▶ _Task brief_
The expected response is a copy of every line in the entries below that includes the word "Seeds".

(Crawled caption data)
◇ ◇ ◇ ◇ ◇ ◇ ◇

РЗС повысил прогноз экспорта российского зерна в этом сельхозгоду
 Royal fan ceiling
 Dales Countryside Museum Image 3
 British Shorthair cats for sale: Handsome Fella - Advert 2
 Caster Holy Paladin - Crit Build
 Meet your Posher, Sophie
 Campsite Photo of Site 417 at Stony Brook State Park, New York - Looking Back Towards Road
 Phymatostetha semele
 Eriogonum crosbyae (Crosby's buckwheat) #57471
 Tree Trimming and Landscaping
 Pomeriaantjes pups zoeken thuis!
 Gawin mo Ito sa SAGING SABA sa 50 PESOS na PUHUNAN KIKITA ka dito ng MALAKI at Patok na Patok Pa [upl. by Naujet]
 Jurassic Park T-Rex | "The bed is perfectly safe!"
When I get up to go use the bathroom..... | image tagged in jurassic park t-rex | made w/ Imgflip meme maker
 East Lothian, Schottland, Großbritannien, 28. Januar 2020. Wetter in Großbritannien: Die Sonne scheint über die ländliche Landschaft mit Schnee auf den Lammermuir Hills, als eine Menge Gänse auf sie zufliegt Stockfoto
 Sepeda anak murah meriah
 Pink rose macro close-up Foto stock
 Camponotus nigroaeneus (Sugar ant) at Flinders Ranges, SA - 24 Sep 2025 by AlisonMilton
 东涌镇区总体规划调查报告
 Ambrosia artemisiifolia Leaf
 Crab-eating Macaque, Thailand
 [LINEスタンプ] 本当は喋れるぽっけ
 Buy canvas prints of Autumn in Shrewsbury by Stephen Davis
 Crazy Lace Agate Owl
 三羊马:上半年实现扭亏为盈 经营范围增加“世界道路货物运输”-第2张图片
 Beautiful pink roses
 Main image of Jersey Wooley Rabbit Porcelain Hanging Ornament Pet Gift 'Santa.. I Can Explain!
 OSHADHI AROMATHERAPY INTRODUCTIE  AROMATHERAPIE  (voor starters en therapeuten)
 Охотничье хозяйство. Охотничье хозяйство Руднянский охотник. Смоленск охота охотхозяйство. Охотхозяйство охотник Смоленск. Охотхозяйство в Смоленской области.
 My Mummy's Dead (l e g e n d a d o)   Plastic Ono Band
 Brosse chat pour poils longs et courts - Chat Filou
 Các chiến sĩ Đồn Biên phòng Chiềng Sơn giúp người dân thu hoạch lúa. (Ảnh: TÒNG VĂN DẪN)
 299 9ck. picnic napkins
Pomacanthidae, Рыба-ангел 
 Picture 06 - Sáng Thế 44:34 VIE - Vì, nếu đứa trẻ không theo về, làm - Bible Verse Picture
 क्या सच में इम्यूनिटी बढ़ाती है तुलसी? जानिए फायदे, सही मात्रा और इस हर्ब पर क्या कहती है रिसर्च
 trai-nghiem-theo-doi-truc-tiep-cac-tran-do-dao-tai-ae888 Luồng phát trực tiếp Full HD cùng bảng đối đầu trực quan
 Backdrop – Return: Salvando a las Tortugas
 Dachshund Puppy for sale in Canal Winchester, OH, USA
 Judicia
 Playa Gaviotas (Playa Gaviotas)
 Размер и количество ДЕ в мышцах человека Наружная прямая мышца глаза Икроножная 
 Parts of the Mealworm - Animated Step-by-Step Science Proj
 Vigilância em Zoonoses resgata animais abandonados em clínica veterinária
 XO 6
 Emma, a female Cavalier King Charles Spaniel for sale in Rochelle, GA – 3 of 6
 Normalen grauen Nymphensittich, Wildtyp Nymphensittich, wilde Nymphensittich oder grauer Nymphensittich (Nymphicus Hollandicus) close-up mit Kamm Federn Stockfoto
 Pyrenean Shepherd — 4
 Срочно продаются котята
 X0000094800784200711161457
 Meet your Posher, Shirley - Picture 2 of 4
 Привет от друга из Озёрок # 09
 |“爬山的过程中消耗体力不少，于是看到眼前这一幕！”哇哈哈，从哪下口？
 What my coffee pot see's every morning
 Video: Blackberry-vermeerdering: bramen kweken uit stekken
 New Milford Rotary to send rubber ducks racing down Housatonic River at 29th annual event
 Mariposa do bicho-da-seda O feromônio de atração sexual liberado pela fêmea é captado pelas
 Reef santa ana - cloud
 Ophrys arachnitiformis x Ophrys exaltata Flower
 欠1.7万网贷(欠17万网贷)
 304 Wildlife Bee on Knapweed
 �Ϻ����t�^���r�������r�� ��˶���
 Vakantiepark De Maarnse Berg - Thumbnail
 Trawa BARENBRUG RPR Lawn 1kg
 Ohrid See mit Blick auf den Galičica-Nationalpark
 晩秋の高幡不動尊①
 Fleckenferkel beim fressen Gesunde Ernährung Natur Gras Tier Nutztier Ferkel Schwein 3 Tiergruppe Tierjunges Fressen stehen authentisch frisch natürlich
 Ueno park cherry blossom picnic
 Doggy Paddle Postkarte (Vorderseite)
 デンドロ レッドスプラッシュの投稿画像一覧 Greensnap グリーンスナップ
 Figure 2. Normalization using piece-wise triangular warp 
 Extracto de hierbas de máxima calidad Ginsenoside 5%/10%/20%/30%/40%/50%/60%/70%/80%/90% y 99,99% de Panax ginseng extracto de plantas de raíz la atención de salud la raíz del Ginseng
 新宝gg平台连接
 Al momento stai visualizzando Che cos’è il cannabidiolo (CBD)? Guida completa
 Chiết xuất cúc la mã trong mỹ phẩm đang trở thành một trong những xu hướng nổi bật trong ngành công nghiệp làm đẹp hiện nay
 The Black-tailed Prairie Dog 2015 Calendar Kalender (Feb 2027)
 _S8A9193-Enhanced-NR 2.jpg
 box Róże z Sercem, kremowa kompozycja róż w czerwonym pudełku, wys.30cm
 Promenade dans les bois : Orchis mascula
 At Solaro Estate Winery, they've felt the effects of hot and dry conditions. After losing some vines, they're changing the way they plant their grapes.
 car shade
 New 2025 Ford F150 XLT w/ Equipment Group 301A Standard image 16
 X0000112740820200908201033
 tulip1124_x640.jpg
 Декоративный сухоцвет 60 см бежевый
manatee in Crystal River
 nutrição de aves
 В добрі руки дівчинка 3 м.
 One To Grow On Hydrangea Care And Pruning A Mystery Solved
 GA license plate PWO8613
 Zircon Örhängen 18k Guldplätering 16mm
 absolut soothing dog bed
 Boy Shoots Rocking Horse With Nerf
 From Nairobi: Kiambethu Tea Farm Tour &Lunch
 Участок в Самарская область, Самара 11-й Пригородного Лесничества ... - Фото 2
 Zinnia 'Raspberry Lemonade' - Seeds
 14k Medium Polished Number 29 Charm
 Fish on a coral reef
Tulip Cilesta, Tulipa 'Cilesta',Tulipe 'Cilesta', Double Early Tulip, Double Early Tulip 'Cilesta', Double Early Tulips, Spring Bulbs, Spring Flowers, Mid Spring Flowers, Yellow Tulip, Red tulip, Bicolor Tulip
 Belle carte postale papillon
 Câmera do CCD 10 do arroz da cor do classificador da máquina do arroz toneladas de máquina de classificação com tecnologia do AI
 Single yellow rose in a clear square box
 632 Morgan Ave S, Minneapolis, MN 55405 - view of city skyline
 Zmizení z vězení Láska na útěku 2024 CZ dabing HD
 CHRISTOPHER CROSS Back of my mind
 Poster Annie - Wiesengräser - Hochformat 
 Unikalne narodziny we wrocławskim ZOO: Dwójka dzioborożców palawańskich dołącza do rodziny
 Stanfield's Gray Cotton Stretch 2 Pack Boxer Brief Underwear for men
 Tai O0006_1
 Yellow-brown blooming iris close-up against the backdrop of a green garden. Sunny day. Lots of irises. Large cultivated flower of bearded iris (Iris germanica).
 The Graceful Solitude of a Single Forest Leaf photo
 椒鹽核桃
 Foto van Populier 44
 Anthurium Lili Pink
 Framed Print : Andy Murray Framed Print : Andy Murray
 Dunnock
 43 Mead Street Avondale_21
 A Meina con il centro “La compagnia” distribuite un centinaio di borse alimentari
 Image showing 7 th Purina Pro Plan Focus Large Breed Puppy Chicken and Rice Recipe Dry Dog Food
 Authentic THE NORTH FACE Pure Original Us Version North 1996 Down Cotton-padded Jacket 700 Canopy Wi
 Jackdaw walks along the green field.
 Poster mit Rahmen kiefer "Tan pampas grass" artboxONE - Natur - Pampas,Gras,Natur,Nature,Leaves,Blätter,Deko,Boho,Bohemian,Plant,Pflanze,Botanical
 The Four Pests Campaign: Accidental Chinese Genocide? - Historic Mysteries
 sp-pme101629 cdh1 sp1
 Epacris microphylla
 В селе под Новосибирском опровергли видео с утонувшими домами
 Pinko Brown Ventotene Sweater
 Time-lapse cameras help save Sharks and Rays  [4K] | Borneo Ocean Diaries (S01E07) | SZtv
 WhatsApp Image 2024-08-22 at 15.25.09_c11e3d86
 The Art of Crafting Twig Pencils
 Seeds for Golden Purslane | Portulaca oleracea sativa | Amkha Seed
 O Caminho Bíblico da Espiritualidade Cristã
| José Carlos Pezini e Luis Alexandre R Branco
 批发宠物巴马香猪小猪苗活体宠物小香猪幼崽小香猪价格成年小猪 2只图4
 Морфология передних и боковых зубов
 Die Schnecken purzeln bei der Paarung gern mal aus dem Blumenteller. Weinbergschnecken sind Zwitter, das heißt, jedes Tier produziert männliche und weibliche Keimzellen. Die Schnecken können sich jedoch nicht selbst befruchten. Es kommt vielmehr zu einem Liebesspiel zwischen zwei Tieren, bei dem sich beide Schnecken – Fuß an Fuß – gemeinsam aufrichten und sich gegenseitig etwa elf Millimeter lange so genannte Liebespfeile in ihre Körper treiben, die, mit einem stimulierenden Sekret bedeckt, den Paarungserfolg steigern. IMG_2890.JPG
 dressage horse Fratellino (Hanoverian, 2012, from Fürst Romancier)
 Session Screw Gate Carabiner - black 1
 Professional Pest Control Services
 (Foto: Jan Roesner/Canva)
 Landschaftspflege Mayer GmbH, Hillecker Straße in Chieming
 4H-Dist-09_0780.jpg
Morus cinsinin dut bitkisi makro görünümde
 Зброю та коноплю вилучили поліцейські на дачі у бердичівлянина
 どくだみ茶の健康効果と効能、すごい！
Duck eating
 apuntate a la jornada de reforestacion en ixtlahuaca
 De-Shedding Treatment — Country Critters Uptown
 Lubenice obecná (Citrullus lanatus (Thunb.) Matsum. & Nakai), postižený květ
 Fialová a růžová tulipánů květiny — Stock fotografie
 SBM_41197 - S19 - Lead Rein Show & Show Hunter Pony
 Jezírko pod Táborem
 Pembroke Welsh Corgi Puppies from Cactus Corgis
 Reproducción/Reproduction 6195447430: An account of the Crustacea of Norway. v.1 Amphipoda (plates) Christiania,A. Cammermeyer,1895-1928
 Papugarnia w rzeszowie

◇ ◇ ◇ ◇ ◇ ◇ ◇

▶ _Response to this task_
 Zinnia 'Raspberry Lemonade' - Seeds
 Seeds for Golden Purslane | Portulaca oleracea sativa | Amkha Seed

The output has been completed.